Mais faisons un effort intellectuel et considérons la proposition d’un point de vue qui n’est pas immédiatement évident. Cela signifie rejeter la contemplation de la proposition d’un salaire moyen mensuel de 7500 kuna net. Mettons de côté un moment si nous aimons ou non les positions de la Présidente durant son mandat actuel, si nous voterions pour elle lors des prochaines élections ou non. Sans aucune intention de jouer le rôle d’un avocat, il convient de noter qu’elle a mentionné que de nombreux jeunes qu’elle a rencontrés lors du déménagement du Bureau de Pantovčak vers tous les comtés ont fait référence à ce montant comme condition pour ne pas quitter la Croatie.
Décret ou KPI ?
Supposons que la Présidente ne voulait pas dire que le salaire moyen devait être fixé à sept mille kuna par décret. Supposons qu’il s’agit d’un objectif à moyen terme qui doit être atteint pour stopper l’émigration. Dans ce cas, la discussion pourrait avoir du sens.
Cela fait vingt ans que les politiciens en Croatie, tant à gauche qu’à droite, au pouvoir ou dans l’opposition, pendant les périodes électorales (et autrement) évitent les promesses qui se résument à un chiffre qu’ils ont l’intention d’atteindre après, disons, quatre ans au pouvoir. Le dernier à avoir été imprudent était, à la fin du siècle dernier, l’ancien leader du Parti populaire croate, Radimir Čačić. Il a promis que la coalition de gauche (qui a remporté les élections) créerait deux cent mille nouveaux emplois durant son mandat. Cela ne s’est pas produit, donc les opposants de droite n’ont cessé de mettre du sel sur la plaie avant les prochaines élections, c’est-à-dire les deux cent mille emplois promis.
Depuis lors, tout le monde promet miel et lait, mais il n’y a aucun de ces KPI (indicateurs clés de performance) standards du secteur qui montreraient facilement s’ils ont tenu leur promesse. Cela pourrait être une promesse de taux de croissance supérieurs à quatre pour cent après la troisième année du mandat. Ou une croissance annuelle des exportations de dix pour cent. Ou dix milliards d’euros en nouveaux investissements de production. Et ensuite, toutes les politiques seraient ajustées à cet objectif.

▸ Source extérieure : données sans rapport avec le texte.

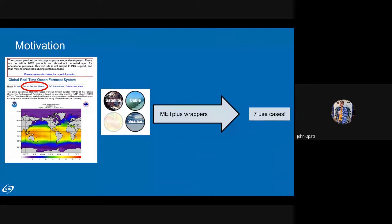The motivation for these use cases was a contractor-funded project with EMC to take their marine and cryosphere verification system and get it turned over into METplus so it could become an operational verification system. EMC already uses METplus as its chosen verification system, but this work was done outside via a lot of Python scripts. As most of you know from working with Python for verification, it's not easily replicable or repeatable. There are a lot of external dependencies, code exchange issues, and readability problems. METplus makes things very conformable and repeatable.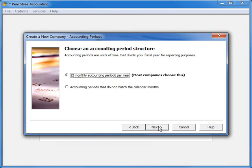Most companies simply have 12 monthly accounting periods defined in their fiscal year structure. If this is you, select 12 monthly accounting periods. These periods will be based on each month of the year, and each period will end on the last day of the month.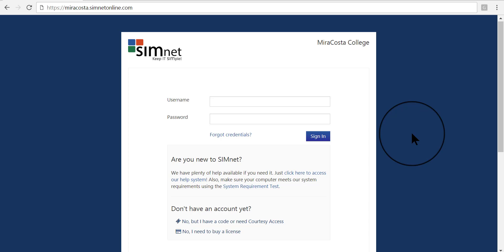Hi, this is Deborah Sablethorne-Brew, and here I'm going to demonstrate how to log in and use SimNet for our CSIT 125 Word 2016 class.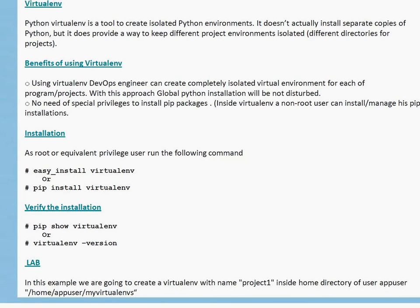So the first thing we have to understand is Virtualenv. Python Virtualenv is a tool to create isolated Python environments. It does not actually install separate copies of Python, but it does provide a way to keep different project environments isolated. Basically for each project you can create separate directories, each with its own base Python and pip modules or configuration for that particular project.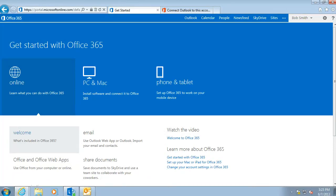In this Getting Started video, we'll show you how to connect your existing Outlook 2007 or 2010 to your Office 365 mailbox.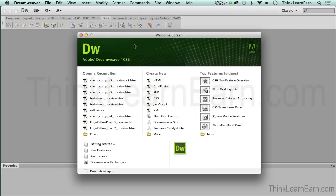Again, thank you very much for being here. Let's get started by creating our first website in Adobe Dreamweaver. My name is Robert Ferrell. I will talk to you inside the course.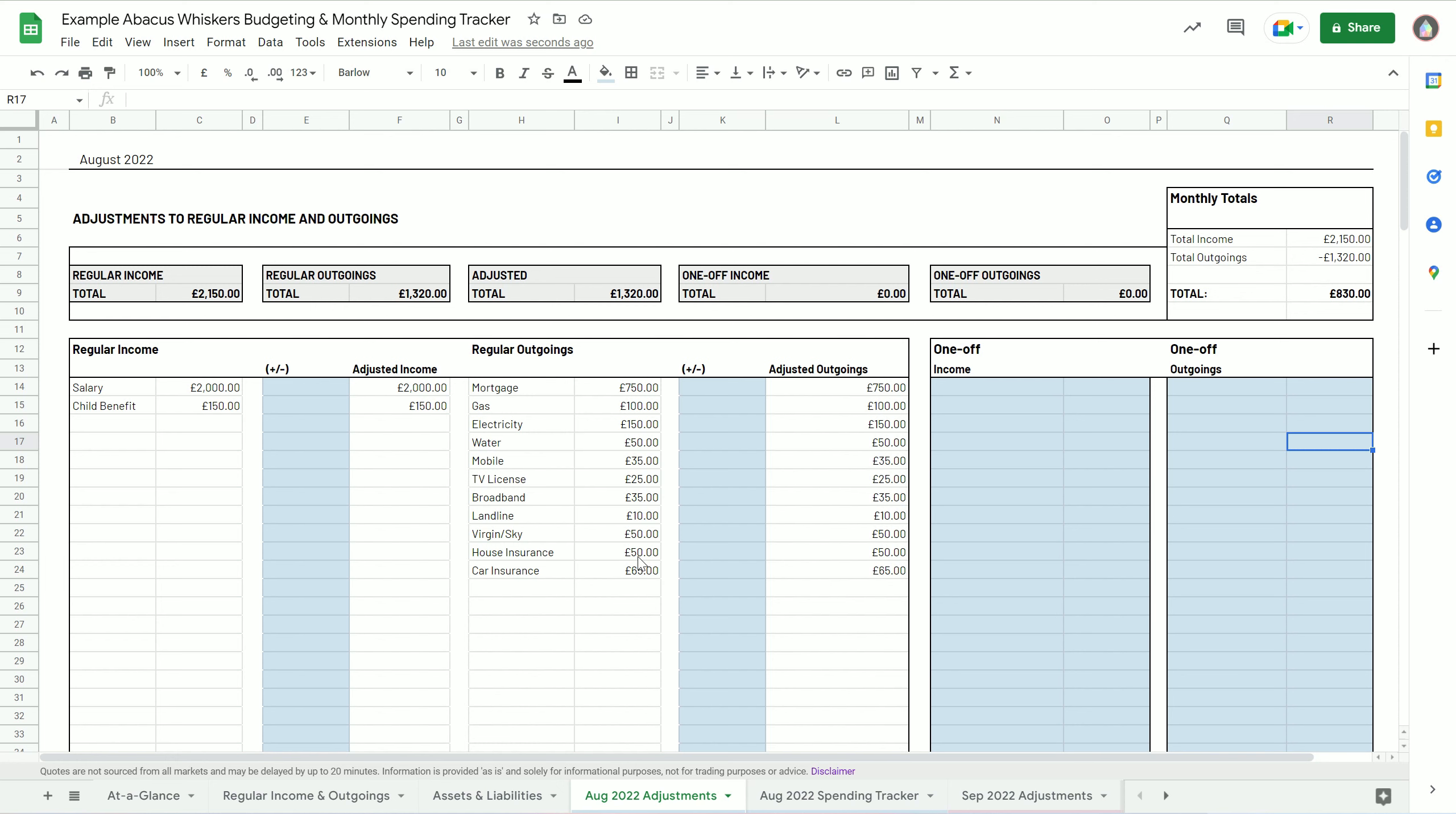Your child benefit might be higher or lower, your gas bill might be a bit lower or higher, etc. So you can just put your plus or minus figures in here. Say we've done a bit of overtime so we've got an extra 200 pounds that month, but actually it was a shorter month so we got 25 pounds less child benefit - adjust those figures.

De même, un KPI pourrait être l’objectif d’atteindre un salaire moyen mensuel de 7500 kuna net. Il ne s’agirait pas d’un décret. Mais d’une simulation de ce qui doit être fait pour que le salaire du groupe que l’on souhaite retenir dans le pays soit d’environ mille euros. Et ensuite, un programme convaincant de ce qui sera fait pour que les entrepreneurs puissent offrir des salaires plus élevés aux employés sans nécessairement compromettre les investissements dans les nouvelles technologies. Et oui, un petit détail supplémentaire. Les résultats commerciaux des entreprises devraient être tels que, en plus des salaires de mille euros et des investissements, il reste également un certain profit pour les propriétaires des entreprises. En effet, beaucoup pourraient trouver cela une question étrange : pourquoi les entrepreneurs se donneraient-ils la peine s’ils finissent avec au moins des miettes ?
Politique à l’envers
Pour que les employeurs offrent à des employés clés des salaires moyens de mille euros, l’entreprise doit générer une valeur ajoutée beaucoup plus grande. Cela nécessite une réduction radicale des impôts, des investissements et des exportations.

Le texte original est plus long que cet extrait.